▸ Task to complete: Whenever the word "Shirt" turns up in a line of the data below, copy that line.
☆ ☆ ☆ ☆ ☆ ☆ ☆
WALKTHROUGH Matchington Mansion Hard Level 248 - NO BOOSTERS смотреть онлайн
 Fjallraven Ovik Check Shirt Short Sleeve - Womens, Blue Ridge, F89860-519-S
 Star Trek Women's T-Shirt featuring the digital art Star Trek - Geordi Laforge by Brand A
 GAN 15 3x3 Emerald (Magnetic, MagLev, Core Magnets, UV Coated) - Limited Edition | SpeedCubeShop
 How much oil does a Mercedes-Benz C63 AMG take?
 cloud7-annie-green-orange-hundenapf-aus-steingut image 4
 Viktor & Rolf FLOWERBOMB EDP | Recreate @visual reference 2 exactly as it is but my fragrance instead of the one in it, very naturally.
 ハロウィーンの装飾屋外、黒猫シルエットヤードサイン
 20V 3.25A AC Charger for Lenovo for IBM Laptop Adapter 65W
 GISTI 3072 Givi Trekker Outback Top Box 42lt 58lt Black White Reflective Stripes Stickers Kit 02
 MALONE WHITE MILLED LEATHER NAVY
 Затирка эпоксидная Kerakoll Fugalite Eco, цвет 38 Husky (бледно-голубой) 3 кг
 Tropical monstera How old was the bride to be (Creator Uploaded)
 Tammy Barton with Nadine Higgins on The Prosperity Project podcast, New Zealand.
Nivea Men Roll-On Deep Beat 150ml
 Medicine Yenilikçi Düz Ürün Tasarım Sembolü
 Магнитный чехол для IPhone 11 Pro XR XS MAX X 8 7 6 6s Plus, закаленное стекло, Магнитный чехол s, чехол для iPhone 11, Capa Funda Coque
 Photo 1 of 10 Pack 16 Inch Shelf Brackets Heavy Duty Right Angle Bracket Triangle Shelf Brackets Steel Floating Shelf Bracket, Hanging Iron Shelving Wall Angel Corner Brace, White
☆ ☆ ☆ ☆ ☆ ☆ ☆
▸ Problem solution:
 Fjallraven Ovik Check Shirt Short Sleeve - Womens, Blue Ridge, F89860-519-S
 Star Trek Women's T-Shirt featuring the digital art Star Trek - Geordi Laforge by Brand A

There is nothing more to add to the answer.